The data set investigated in this study contained both qualitative and quantitative
variables, some of which were clearly not normally distributed. This factor could
have effected the LDA results. However, previous studies have found that LDA is
very robust to mixed data types. As Yoon et al. (1993) states:
In applied research, data are seldom compatible with the underlying assumptions needed to perform statistical inferences. In many fields, like social and
behavioral sciences, business, and biomedical sciences, measurement of hard data
is still a problem. Measurements are, at best, of nominal or ordinal nature.
Usually, research workers ignore the discrete nature of the data and proceed with
classification using Fisher’s LDF. In such situations they get a useful, but not an
optimal rule of classification.
The non-optimality of the LDA results in mixed data type situations was
obvious; in this study, the non-optimality lowered the accuracy of the LDA results
to a level lower than that produced by the artificial neural networks.
In addition to parametric discriminant analysis, a single form of non-parametric
discriminant analysis was also evaluated in this study. This non-parametric version
did not perform noticeably differently from the parametric DA versions. However,
there are many forms of non-parametric DA available, each with their own unique
strengths and weaknesses. Thus, the single non-parametric DA conducted in this
study cannot be considered to be representative of all possible non-parametric DAs.
The ANN model produced higher classification accuracies than the DA approach, both in cases where only quantitative independent variables were used and
where both qualitative and quantitative independent variables were employed. This
may be due to the fact that the artificial neural network approach makes no explicit
assumptions regarding the underlying distributions of the variables involved
(Marzban et al., 1997). Another benefit is the ability of the artificial neural network
structure to partitioning the input space into regions that allow for classification of
linearly inseparable data (Yoon et al., 1993). Consequently, one would expect an
J.A. Blackard, D.J. Dean / Computers and Electronics in Agriculture 24 (1999) 131–151
147
ANN model to outperform a LDA model for most classification tasks involving
non-linear data. Non-linearity was certainly present in the data used in this study.

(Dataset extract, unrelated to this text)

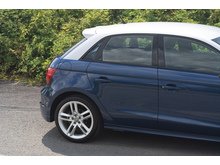 1.6 TDI S line Sportback 5dr Diesel Manual Euro 5 (s/s) (105 ps)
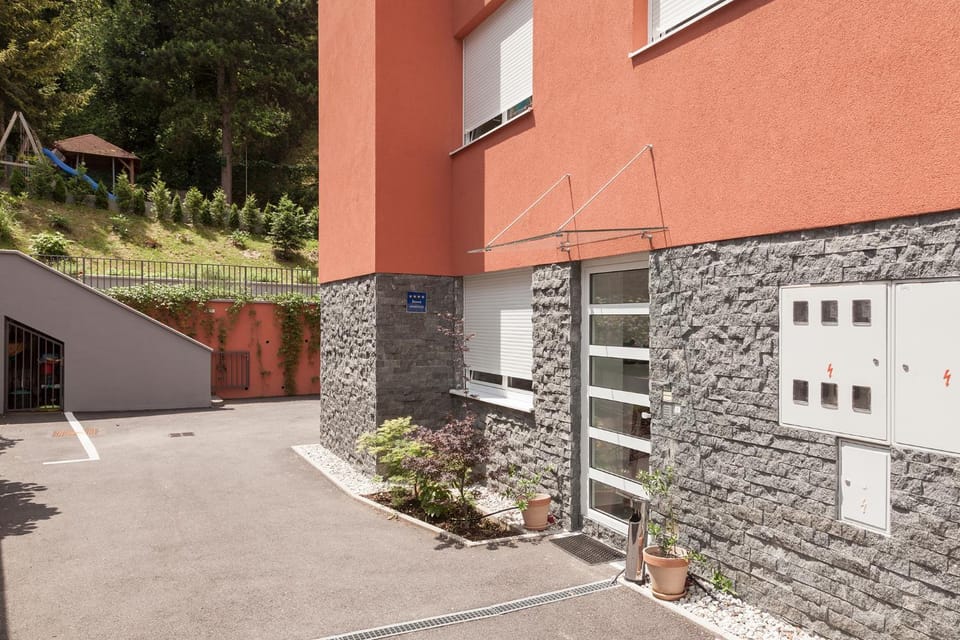 Property building, Patio, Facade/entrance, Garden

When comparing the individual classification matrices of the best ANN model
against that of the best DA model (the two 54 independent variables models), as
shown in Tables 5 and 6, many insights may be drawn concerning the respective
classification strategies of the two models. In general, both the ANN and DA
models seemed to misclassify ponderosa pine, Douglas-fir, and cottonwood/willow
cover types primarily with each other. These misclassifications may be due to the
actual geographic proximity of the cover types, since they are all principally found
in the Cache la Poudre wilderness area. Both predictive models also seemed to
misrepresent krummholz as spruce/fir and to a lesser extent as lodgepole pine. All
three of these forest cover types are typically considered high elevational species,
which might have caused the classification confusion in some instances. The aspen
cover type was generally misclassified by both the ANN and DA models as
lodgepole pine, but these misclassifications were much more frequent in the DA
model (381 observations misclassified for the ANN model and 1488 observations
for the DA model). In addition, the lodgepole pine cover type was primarily
misrepresented by both the ANN and DA models as either spruce/fir or aspen.
However, the DA model misclassified a much larger number of actual lodgepole
pine observations as aspen (53 262 observations misclassified for the DA model and
27 391 observations for the ANN model). This classification confusion for the
lodgepole pine and aspen cover types and disparity of numbers of misclassifications
by the DA model may be due in part to its inability to take advantage of the
presumably non-linear influence of the horizontal distance to the nearest wildfire
ignition point variable. Another likely factor would be that lodgepole pine and
aspen cover types are generally located within the same altitudinal zone (Whitney,
1992) and are frequently found as neighboring forest stands within the study area.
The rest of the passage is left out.